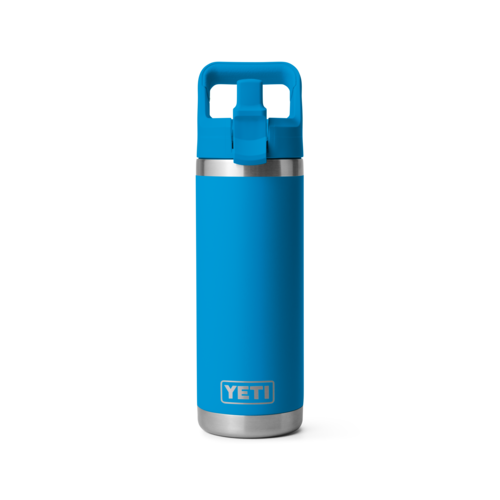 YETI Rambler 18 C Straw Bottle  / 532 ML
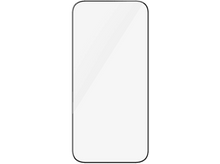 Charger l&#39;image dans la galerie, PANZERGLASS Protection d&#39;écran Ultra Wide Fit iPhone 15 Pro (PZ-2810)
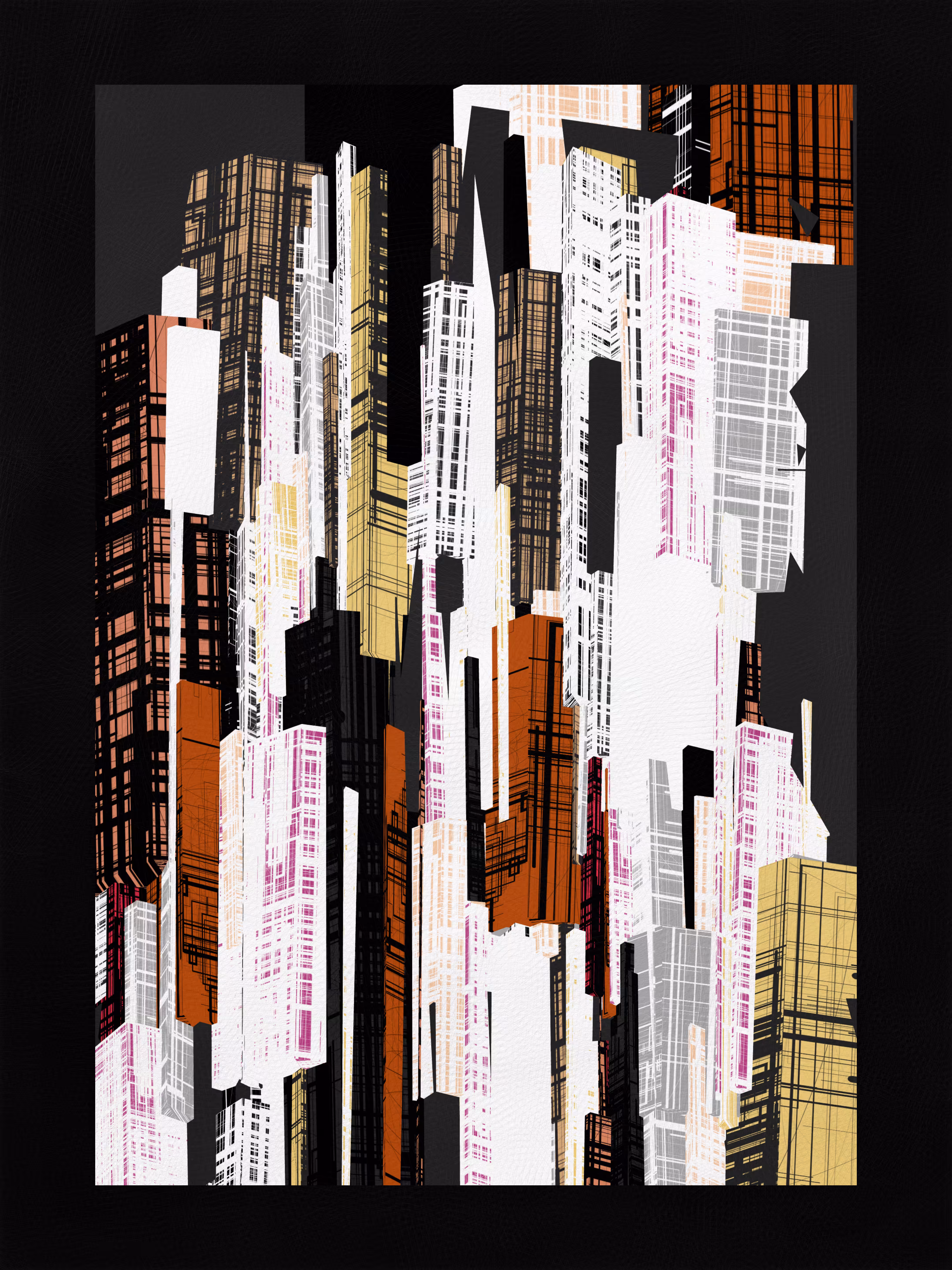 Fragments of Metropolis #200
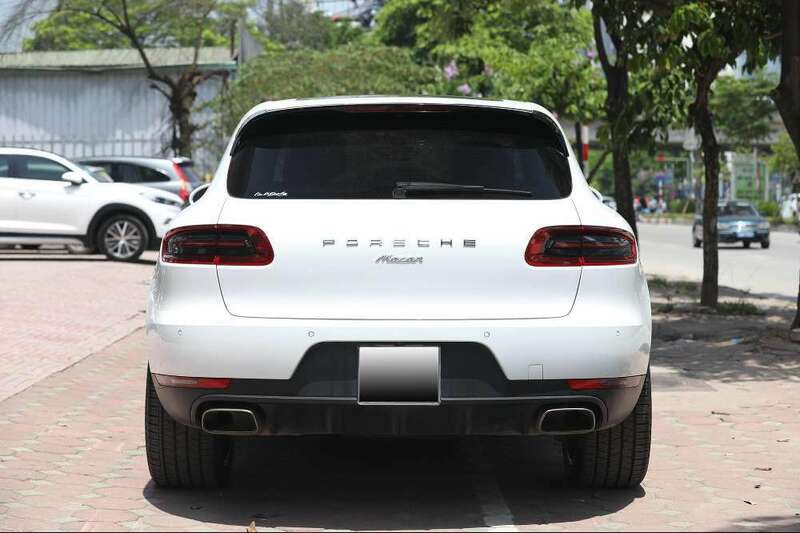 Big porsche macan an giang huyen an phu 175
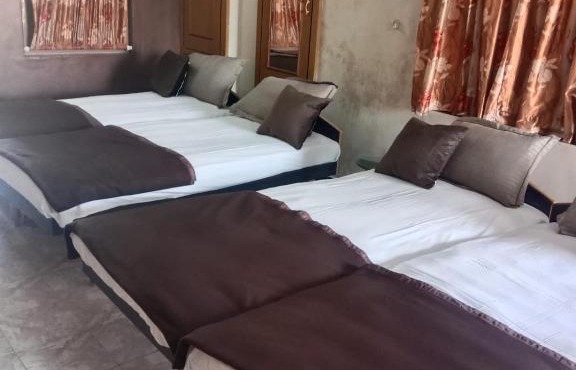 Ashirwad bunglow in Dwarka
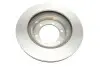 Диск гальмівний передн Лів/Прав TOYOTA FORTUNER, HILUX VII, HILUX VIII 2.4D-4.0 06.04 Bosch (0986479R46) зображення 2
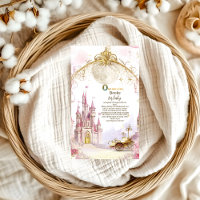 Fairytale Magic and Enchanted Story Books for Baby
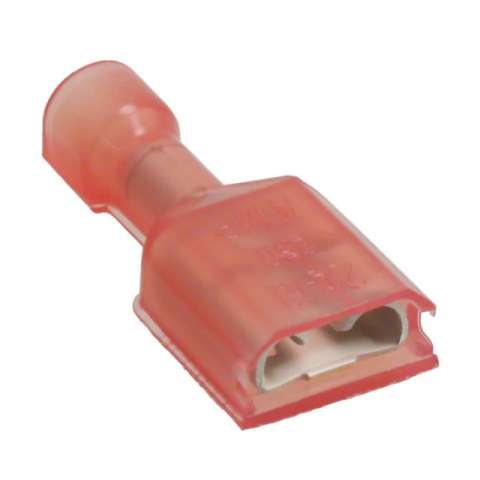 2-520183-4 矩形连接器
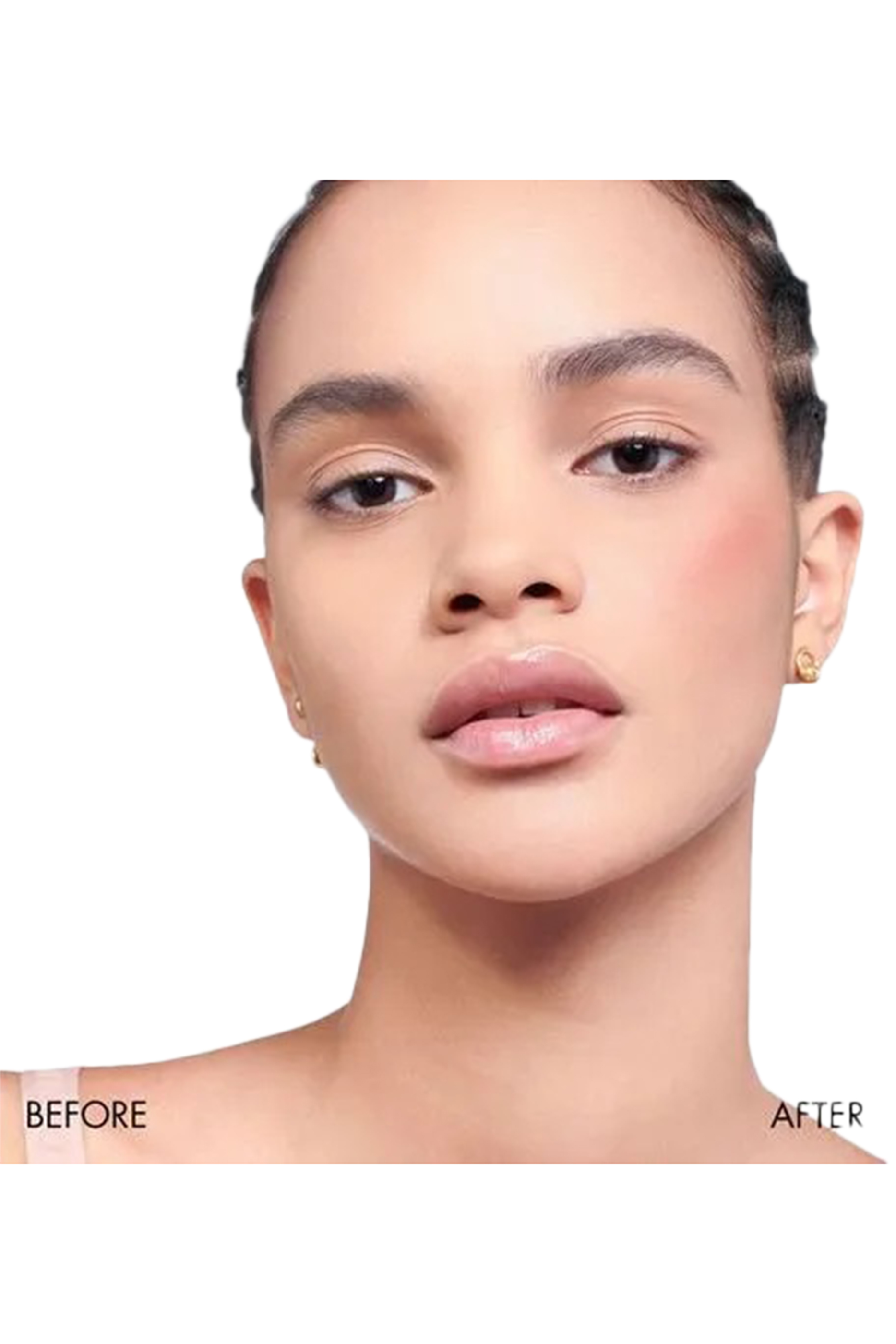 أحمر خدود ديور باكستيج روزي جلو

+--

Aim of the exercise —
Nothing but the lines from the one containing "Big porsche macan an giang huyen an phu 175" through the end of the entries should be written out, exactly and without pictures.

Written response —
 Big porsche macan an giang huyen an phu 175
 Ashirwad bunglow in Dwarka
 Диск гальмівний передн Лів/Прав TOYOTA FORTUNER, HILUX VII, HILUX VIII 2.4D-4.0 06.04 Bosch (0986479R46) зображення 2
 Fairytale Magic and Enchanted Story Books for Baby
 2-520183-4 矩形连接器
 أحمر خدود ديور باكستيج روزي جلو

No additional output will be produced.